Un nuovo studio, effettuato dagli economisti Raj Chetty e John Friedman dell´Università di Harvard e da Jonah Rockoff della Columbia, seguendo l’evoluzione di due milioni e mezzo di studenti nell’arco di oltre vent’anni, ha evidenziato l’importanza di avere insegnanti di qualità sui redditi futuri degli alunni e in generale sullo sviluppo della loro vita.

Dopo aver individuato gli insegnanti bravi, quelli medi e quelli scarsi, gli economisti hanno analizzato il percorso dei loro studenti nel lungo periodo, studiando dati sul loro reddito, sui tassi di iscrizione all’università, sull’età in cui hanno avuto un figlio e sulla città e la zona dove vivono. I risultati sono stati impressionanti. Limitandosi ai punteggi degli esami l’effetto di un bravo insegnante di solito svanisce dopo tre o quattro anni. Ma, assumendo una prospettiva più ampia, gli studenti continuano a beneficiare dell´influsso positivo di un buon insegnante per anni. A parità di altre condizioni, uno studente che ha avuto un insegnante molto bravo per un anno, tra la quarta elementare e la terza media, guadagna 4.600 dollari di reddito in più nell’arco dell’intera vita, contro uno studente della stessa classe di età che ha avuto un insegnante medio.
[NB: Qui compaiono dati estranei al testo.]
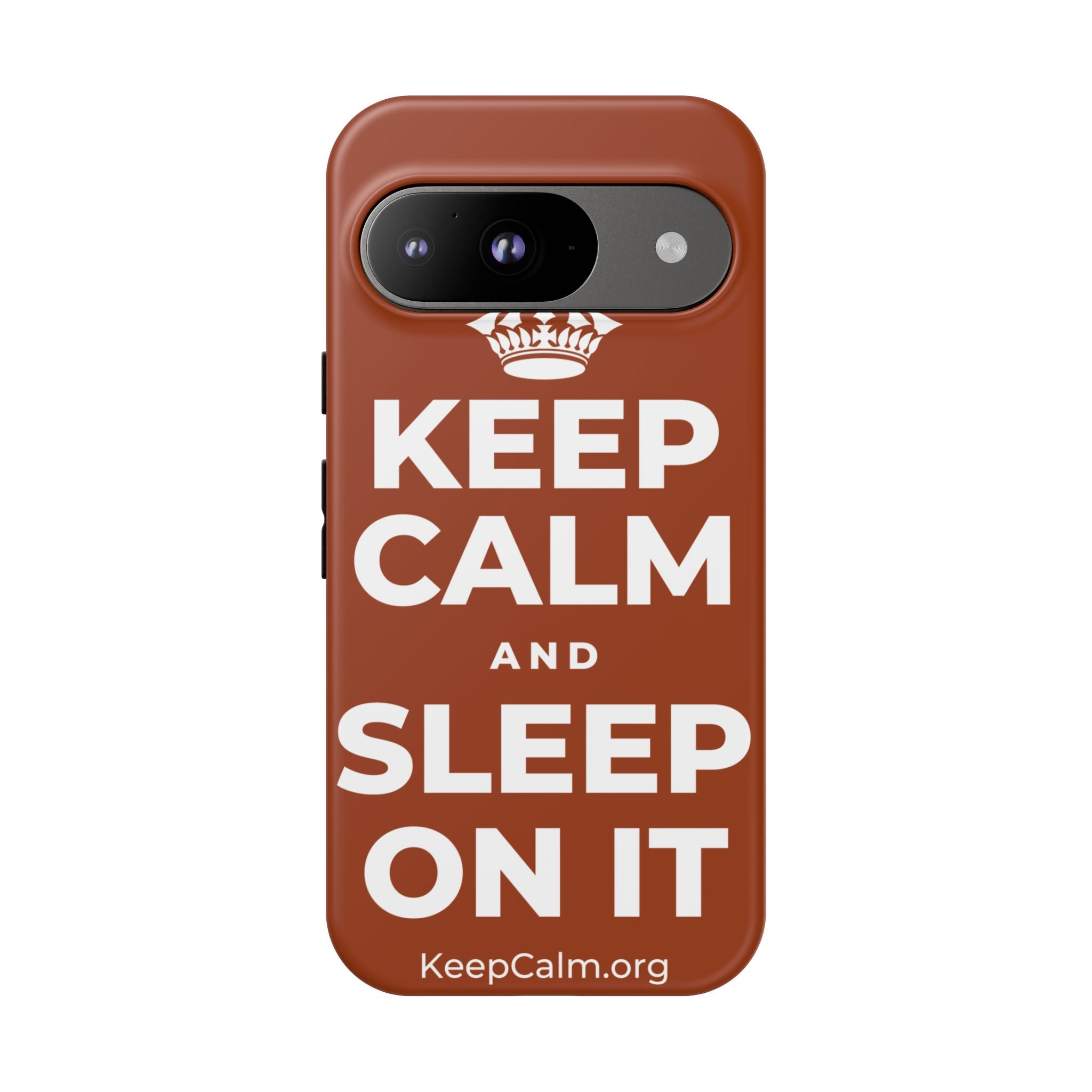 KEEP CALM AND SLEEP ON IT Phone Case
Sostituire un insegnante “scadente” con uno medio produrrebbe un incremento dei guadagni degli studenti nella vita di circa 266mila dollari. Questo significa che lasciare un insegnante a basso valore aggiunto in una scuola per 10 anni, invece di sostituirlo, porta a perdere 2,5 milioni di dollari di reddito.

Mentre in passato la maggioranza dei docenti appariva contraria di fronte ad ipotesi valutative o a politiche del personale basate sul merito, oggi i professori sono favorevoli all’introduzione di prospettive di carriera e all’utilizzazione del metodo valutativo per impiegare al meglio le risorse umane nella scuola, come emerso dall’indagine TALIS (Teaching and Learning International Survey, 2008) dell’Ocse.

Tra gli obiettivi strategici di una valutazione degli insegnanti vi è sicuramente quello di collegare il miglioramento retributivo ad un meccanismo di riconoscimento del merito e non solo al maturare dell’anzianità; indurre in tutti i docenti un’abitudine all’autovalutazione, quale presupposto necessario per il miglioramento generale delle loro prestazioni; far emergere le personalità più interessanti in ogni scuola ai fini della attribuzione di compiti ulteriori, sia di natura didattica che di organizzazione delle scuole.

Un maggiore riconoscimento sociale del ruolo dell’insegnante consentirebbe di reclutare giovani di talento con forti motivazioni, risultato non trascurabile se consideriamo che solo lo 0,2% degli insegnanti italiani ha meno di 30 anni e solo il 6% meno di 40 anni, mentre circa l’87% degli insegnanti italiani si concentra nella fascia di età 40-59.

C’è ancora molto da lavorare per rimettere in moto il sistema scolastico, per migliorare la condizione dell’insegnante e la qualità delle metodologie didattiche. Il ruolo dei docenti è e deve essere considerato cruciale per migliorare e innovare i sistemi educativi.

La posta in gioco è troppo alta. Quando si tratta degli insegnanti dei nostri figli e delle scuole in cui insegnano, dobbiamo pretendere il meglio.